Stored data:
◆ ◆ ◆ ◆

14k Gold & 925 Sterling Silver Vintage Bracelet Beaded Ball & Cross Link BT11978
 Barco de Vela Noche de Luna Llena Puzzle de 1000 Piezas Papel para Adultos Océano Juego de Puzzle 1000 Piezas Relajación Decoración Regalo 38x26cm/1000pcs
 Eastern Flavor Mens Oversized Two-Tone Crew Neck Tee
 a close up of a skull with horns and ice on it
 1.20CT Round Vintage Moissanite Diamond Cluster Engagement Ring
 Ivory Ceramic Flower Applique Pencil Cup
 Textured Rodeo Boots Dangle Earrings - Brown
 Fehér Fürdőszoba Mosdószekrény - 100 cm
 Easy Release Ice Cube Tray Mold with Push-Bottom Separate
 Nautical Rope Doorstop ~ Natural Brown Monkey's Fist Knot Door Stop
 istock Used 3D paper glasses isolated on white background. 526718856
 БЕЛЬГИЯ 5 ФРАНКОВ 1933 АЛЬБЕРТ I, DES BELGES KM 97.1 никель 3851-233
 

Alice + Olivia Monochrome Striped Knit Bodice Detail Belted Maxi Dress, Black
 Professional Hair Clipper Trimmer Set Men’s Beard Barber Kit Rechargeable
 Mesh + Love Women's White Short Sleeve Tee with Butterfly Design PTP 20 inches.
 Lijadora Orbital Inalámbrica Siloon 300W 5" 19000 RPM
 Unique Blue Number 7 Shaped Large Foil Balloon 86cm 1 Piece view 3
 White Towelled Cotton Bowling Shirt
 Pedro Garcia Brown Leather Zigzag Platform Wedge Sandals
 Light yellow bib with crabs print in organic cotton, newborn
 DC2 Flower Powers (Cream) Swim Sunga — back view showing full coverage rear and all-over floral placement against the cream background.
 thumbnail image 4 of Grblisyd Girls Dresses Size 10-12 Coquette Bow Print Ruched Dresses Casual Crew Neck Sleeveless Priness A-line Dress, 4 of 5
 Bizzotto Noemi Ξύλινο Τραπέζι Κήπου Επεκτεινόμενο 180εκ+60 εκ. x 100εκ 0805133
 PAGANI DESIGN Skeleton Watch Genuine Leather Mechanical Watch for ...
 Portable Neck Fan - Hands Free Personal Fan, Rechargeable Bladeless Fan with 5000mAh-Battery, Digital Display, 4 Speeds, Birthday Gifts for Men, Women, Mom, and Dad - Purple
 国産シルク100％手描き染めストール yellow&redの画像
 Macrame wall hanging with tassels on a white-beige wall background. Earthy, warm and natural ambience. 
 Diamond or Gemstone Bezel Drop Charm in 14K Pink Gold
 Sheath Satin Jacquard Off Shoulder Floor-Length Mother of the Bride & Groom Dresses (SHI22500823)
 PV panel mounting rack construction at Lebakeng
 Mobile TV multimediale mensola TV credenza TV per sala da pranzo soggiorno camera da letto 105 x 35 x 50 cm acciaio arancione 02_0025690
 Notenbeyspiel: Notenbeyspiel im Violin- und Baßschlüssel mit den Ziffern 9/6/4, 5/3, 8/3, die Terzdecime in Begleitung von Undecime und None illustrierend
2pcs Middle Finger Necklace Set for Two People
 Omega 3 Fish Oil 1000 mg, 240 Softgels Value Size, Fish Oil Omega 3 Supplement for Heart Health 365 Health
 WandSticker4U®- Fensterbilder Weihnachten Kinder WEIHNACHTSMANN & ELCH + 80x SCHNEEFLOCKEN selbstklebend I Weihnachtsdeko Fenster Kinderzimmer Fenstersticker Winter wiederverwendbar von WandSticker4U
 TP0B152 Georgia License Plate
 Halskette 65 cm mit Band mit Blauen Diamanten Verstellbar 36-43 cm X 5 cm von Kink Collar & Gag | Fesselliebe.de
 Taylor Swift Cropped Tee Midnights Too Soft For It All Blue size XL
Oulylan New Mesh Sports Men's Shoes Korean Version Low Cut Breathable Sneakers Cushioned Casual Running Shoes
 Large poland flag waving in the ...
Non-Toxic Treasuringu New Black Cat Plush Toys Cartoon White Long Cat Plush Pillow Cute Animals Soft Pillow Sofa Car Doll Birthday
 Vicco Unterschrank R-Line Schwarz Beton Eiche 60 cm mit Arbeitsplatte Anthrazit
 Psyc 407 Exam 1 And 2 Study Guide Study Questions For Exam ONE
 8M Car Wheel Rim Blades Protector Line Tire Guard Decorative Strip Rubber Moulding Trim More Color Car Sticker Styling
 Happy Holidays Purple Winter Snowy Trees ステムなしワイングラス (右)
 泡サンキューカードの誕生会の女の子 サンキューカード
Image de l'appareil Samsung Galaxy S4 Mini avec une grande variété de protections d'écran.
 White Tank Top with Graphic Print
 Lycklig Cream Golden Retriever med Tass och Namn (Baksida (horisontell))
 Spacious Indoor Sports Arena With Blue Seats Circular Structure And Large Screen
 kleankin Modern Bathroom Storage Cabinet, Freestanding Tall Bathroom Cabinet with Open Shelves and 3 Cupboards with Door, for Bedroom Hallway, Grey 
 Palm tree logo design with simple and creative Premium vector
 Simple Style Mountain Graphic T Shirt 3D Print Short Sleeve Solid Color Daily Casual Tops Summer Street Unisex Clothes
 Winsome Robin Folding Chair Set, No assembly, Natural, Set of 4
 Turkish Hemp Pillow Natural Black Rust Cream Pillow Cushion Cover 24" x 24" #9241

◆ ◆ ◆ ◆

Task goal: In the records above, find the line containing "Palm tree logo" and print it and every later line exactly, through the last one.

Answer to the problem:
 Palm tree logo design with simple and creative Premium vector
 Simple Style Mountain Graphic T Shirt 3D Print Short Sleeve Solid Color Daily Casual Tops Summer Street Unisex Clothes
 Winsome Robin Folding Chair Set, No assembly, Natural, Set of 4
 Turkish Hemp Pillow Natural Black Rust Cream Pillow Cushion Cover 24" x 24" #9241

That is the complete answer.